Earthly Delights
by Gail Junion-Metz -- School Library Journal, 03/01/1999
This spring, use the Web to get kids thinking globally and acting locally
When Earth Day, April 22, rolls around this year, you can do more than put up book displays on the environment or recycle last year's recycling information. Why not get students involved in environmental projects for your school, library, and community? Kids can make a difference.
Prepare for the Energy Patrol
To get students into the activist mindset, send them to the Globe Program, created by the National Oceanographic and Atmospheric Administration. Here students in grades 1 to 12 can work on environmental projects with schools around the world. Kids collect local environmental data, share their data online, and then work with research scientists to analyze the results. Check out the "News and Events" section for schedules of live chat sessions with scientists.
Keith Nuthall, an instructional technology specialist at the Unified School District in Poway, CA, created Make a Difference in Your World for grades five to nine. The site asks kids to learn about one environmental issue and then develop a strategy to get their community to address it. The site offers a list of issues such as recycling, protecting endangered tigers, ocean pollution, and old-growth forest preservation. With the help of creatively presented focus questions, students develop TV and radio announcements, editorials, and a Web page on the issue.
The staff at the DeVargas School in Cupertino, CA, developed Here Comes the Energy Patrol. Discover how students in grades two to six can help monitor the lights and thermostats in your library or school -- and save you money. (Check out how much money the DeVargas school saved in the project's first year.)
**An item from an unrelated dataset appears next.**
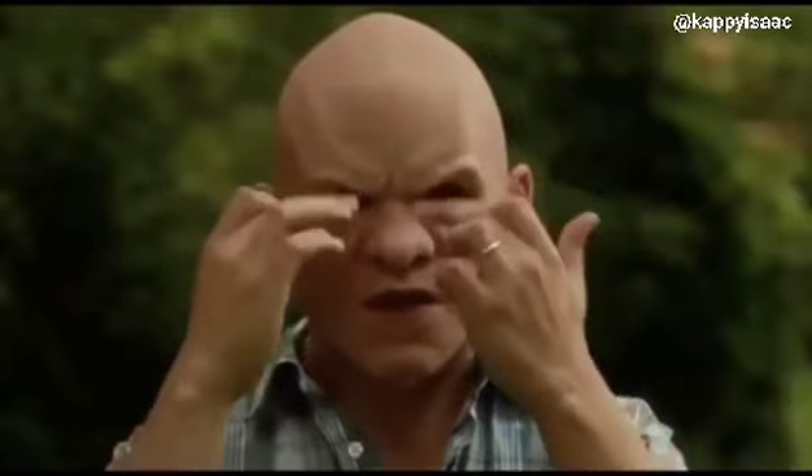Another thing I have to suggest is if you buy the mask, of course humans aren't all made the same. Your eyes are in slightly different spots for each of us. So you might have to do a little trimming on the eyes. But if you end up trimming the eyes up, I would suggest—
Got a little extra space near your building? If so, visit Schoolyard Habitats, sponsored by the National Wildlife Federation for grades 3 to 12. Find out how a part of the grounds near your library or school can become a wildlife-friendly place.
The National Wildlife Federation also hosts You Can Help the Earth, a regular feature of Ranger Rick magazine online. Students in grades two to six can find out how to start an "Earthsavers Group." The University of Wisconsin's Environmental Resources Center created Give Water a Hand for grades two to eight. The site encourages kids to learn about their local streams, rivers, and lakes and find out about water problems such as industrial waste, storm runoff, and threats to wetland areas. Kids can download the free "Action" guides to create a clean-up or community education project with the help of local environmental groups.
Eco-Links for Educators
The Web offers many sites for librarians, teachers, and homeschoolers who are looking for information about environmental issues and lesson plans. The Global Rivers Environmental Education Network developed EELink to support K-12 environmental education by organizing Internet resources. Go to the "Class Resources" section for hundreds of topic-specific activity links.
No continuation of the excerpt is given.